Anyone interested in learning more about the services DVS offers, including presentations specific to teen dating, should visit the DVS website www.dvs-snoco.org.

Teens – What to do if you or a friend needs help

Here are some tips from the DVS website for teens, their friends and families.

Safety planning for teens in abusive relationships

• Stay in touch with friends and make a point to spend time with people other than your partner

• Stay involved in activities that you enjoy

• When at school, try not to be alone, let friends know what is happening, and have them walk you to class and spend time with you at lunch

• Tell teachers, counselors, coaches or security guards what is happening

• Change your routine, don't always come to school or leave at the same time, and always ride to school with someone.

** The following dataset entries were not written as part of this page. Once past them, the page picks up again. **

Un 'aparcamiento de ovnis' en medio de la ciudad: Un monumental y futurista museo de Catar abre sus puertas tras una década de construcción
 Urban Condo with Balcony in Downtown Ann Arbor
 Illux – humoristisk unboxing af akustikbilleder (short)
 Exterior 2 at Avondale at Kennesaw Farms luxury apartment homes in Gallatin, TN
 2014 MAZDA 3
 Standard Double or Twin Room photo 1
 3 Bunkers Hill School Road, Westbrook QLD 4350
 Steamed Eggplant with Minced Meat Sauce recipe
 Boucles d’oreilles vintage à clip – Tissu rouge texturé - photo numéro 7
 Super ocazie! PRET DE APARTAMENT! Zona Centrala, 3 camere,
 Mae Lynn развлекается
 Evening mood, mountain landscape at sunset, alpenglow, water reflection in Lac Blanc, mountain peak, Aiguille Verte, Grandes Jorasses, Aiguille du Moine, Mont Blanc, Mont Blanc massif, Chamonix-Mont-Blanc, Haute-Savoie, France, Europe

• At home, try not to be alone, and consider telling your parents or other family members what is happening and make a list of important phone numbers, like 911 and supportive friends

• When with your partner, try not to be alone, go to public places and let other people know what your plans are and always keep extra change or a phone card on you

How to help a friend

If you have a friend in an abusive relationship, here are ways to help:

• Listen – let them talk without interruption or judgment

• Believe – tell them it is not their fault and they are not alone

• Know the warning signs – help your friend recognize the abuse by asking questions about what is happening and that it is not normal or acceptable

• Support your friend's strength – recognize the things they do to take care of themselves and encourage their courage

• Protect your friend's privacy – talk to them in a safe and private place and respect their right to keep it confidential

• Know your own limits – Dating violence is serious and you cannot rescue your friend. Give them the DVS number and encourage them to talk to an adult safety about the matter.